§ **Work to complete**
Below are records; write all of them out exactly.

§ **Records from a data collection**
◆ ◆ ◆ ◆

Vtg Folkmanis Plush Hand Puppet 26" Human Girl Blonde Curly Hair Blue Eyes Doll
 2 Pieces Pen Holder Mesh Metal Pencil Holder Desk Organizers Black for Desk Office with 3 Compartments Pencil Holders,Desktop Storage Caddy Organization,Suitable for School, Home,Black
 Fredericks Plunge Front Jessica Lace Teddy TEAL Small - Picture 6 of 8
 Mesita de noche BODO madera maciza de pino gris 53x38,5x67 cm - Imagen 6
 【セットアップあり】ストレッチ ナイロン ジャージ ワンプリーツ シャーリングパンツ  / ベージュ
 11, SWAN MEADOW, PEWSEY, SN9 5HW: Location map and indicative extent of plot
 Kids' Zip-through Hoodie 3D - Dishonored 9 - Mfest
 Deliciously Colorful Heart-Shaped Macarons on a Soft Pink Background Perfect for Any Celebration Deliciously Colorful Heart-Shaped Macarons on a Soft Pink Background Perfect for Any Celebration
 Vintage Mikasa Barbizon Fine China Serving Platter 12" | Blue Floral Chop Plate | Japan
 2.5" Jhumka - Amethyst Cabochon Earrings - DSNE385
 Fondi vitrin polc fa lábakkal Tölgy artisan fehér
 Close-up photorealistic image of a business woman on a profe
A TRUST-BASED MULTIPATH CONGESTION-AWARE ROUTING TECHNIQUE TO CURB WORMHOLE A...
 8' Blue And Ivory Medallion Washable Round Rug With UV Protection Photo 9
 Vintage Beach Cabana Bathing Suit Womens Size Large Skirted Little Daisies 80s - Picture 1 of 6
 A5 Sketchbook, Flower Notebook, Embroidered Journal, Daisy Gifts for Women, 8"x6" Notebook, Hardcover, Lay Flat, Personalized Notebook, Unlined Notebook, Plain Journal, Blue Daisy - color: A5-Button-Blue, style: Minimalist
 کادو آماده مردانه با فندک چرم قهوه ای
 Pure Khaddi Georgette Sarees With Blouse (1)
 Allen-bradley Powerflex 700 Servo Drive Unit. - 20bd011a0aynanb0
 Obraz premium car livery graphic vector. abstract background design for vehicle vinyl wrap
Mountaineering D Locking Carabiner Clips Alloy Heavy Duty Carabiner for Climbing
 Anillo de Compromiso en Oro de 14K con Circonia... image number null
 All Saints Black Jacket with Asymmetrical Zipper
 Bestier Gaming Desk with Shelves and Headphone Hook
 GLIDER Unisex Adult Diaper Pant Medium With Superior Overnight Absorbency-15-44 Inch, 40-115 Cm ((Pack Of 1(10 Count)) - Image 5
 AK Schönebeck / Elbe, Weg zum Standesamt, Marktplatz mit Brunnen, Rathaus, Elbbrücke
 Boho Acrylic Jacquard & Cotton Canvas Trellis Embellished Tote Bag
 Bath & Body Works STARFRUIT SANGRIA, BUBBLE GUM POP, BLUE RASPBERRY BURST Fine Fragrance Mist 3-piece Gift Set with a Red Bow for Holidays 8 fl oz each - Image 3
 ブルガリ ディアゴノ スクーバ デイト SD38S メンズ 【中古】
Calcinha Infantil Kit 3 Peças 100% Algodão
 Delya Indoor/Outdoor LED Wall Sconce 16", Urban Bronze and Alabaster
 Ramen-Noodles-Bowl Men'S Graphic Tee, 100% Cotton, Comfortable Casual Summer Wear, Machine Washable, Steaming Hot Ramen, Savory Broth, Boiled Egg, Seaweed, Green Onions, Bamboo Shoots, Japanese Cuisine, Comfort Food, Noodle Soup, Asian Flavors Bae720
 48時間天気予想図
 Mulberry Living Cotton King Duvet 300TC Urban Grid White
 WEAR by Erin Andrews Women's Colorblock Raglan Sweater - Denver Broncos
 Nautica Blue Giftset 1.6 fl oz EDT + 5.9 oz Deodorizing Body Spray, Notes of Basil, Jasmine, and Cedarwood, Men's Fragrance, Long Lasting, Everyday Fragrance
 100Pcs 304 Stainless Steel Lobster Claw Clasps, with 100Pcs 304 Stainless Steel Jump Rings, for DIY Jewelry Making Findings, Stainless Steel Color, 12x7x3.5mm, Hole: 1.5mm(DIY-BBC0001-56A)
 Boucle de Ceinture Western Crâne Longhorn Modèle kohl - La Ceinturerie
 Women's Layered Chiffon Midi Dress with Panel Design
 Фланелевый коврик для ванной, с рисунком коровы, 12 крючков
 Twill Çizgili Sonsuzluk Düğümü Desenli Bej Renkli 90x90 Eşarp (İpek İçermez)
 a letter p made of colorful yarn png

◆ ◆ ◆ ◆

§ **Result of this exercise**
Vtg Folkmanis Plush Hand Puppet 26" Human Girl Blonde Curly Hair Blue Eyes Doll
 2 Pieces Pen Holder Mesh Metal Pencil Holder Desk Organizers Black for Desk Office with 3 Compartments Pencil Holders,Desktop Storage Caddy Organization,Suitable for School, Home,Black
 Fredericks Plunge Front Jessica Lace Teddy TEAL Small - Picture 6 of 8
 Mesita de noche BODO madera maciza de pino gris 53x38,5x67 cm - Imagen 6
 【セットアップあり】ストレッチ ナイロン ジャージ ワンプリーツ シャーリングパンツ  / ベージュ
 11, SWAN MEADOW, PEWSEY, SN9 5HW: Location map and indicative extent of plot
 Kids' Zip-through Hoodie 3D - Dishonored 9 - Mfest
 Deliciously Colorful Heart-Shaped Macarons on a Soft Pink Background Perfect for Any Celebration Deliciously Colorful Heart-Shaped Macarons on a Soft Pink Background Perfect for Any Celebration
 Vintage Mikasa Barbizon Fine China Serving Platter 12" | Blue Floral Chop Plate | Japan
 2.5" Jhumka - Amethyst Cabochon Earrings - DSNE385
 Fondi vitrin polc fa lábakkal Tölgy artisan fehér
 Close-up photorealistic image of a business woman on a profe
A TRUST-BASED MULTIPATH CONGESTION-AWARE ROUTING TECHNIQUE TO CURB WORMHOLE A...
 8' Blue And Ivory Medallion Washable Round Rug With UV Protection Photo 9
 Vintage Beach Cabana Bathing Suit Womens Size Large Skirted Little Daisies 80s - Picture 1 of 6
 A5 Sketchbook, Flower Notebook, Embroidered Journal, Daisy Gifts for Women, 8"x6" Notebook, Hardcover, Lay Flat, Personalized Notebook, Unlined Notebook, Plain Journal, Blue Daisy - color: A5-Button-Blue, style: Minimalist
 کادو آماده مردانه با فندک چرم قهوه ای
 Pure Khaddi Georgette Sarees With Blouse (1)
 Allen-bradley Powerflex 700 Servo Drive Unit. - 20bd011a0aynanb0
 Obraz premium car livery graphic vector. abstract background design for vehicle vinyl wrap
Mountaineering D Locking Carabiner Clips Alloy Heavy Duty Carabiner for Climbing
 Anillo de Compromiso en Oro de 14K con Circonia... image number null
 All Saints Black Jacket with Asymmetrical Zipper
 Bestier Gaming Desk with Shelves and Headphone Hook
 GLIDER Unisex Adult Diaper Pant Medium With Superior Overnight Absorbency-15-44 Inch, 40-115 Cm ((Pack Of 1(10 Count)) - Image 5
 AK Schönebeck / Elbe, Weg zum Standesamt, Marktplatz mit Brunnen, Rathaus, Elbbrücke
 Boho Acrylic Jacquard & Cotton Canvas Trellis Embellished Tote Bag
 Bath & Body Works STARFRUIT SANGRIA, BUBBLE GUM POP, BLUE RASPBERRY BURST Fine Fragrance Mist 3-piece Gift Set with a Red Bow for Holidays 8 fl oz each - Image 3
 ブルガリ ディアゴノ スクーバ デイト SD38S メンズ 【中古】
Calcinha Infantil Kit 3 Peças 100% Algodão
 Delya Indoor/Outdoor LED Wall Sconce 16", Urban Bronze and Alabaster
 Ramen-Noodles-Bowl Men'S Graphic Tee, 100% Cotton, Comfortable Casual Summer Wear, Machine Washable, Steaming Hot Ramen, Savory Broth, Boiled Egg, Seaweed, Green Onions, Bamboo Shoots, Japanese Cuisine, Comfort Food, Noodle Soup, Asian Flavors Bae720
 48時間天気予想図
 Mulberry Living Cotton King Duvet 300TC Urban Grid White
 WEAR by Erin Andrews Women's Colorblock Raglan Sweater - Denver Broncos
 Nautica Blue Giftset 1.6 fl oz EDT + 5.9 oz Deodorizing Body Spray, Notes of Basil, Jasmine, and Cedarwood, Men's Fragrance, Long Lasting, Everyday Fragrance
 100Pcs 304 Stainless Steel Lobster Claw Clasps, with 100Pcs 304 Stainless Steel Jump Rings, for DIY Jewelry Making Findings, Stainless Steel Color, 12x7x3.5mm, Hole: 1.5mm(DIY-BBC0001-56A)
 Boucle de Ceinture Western Crâne Longhorn Modèle kohl - La Ceinturerie
 Women's Layered Chiffon Midi Dress with Panel Design
 Фланелевый коврик для ванной, с рисунком коровы, 12 крючков
 Twill Çizgili Sonsuzluk Düğümü Desenli Bej Renkli 90x90 Eşarp (İpek İçermez)
 a letter p made of colorful yarn png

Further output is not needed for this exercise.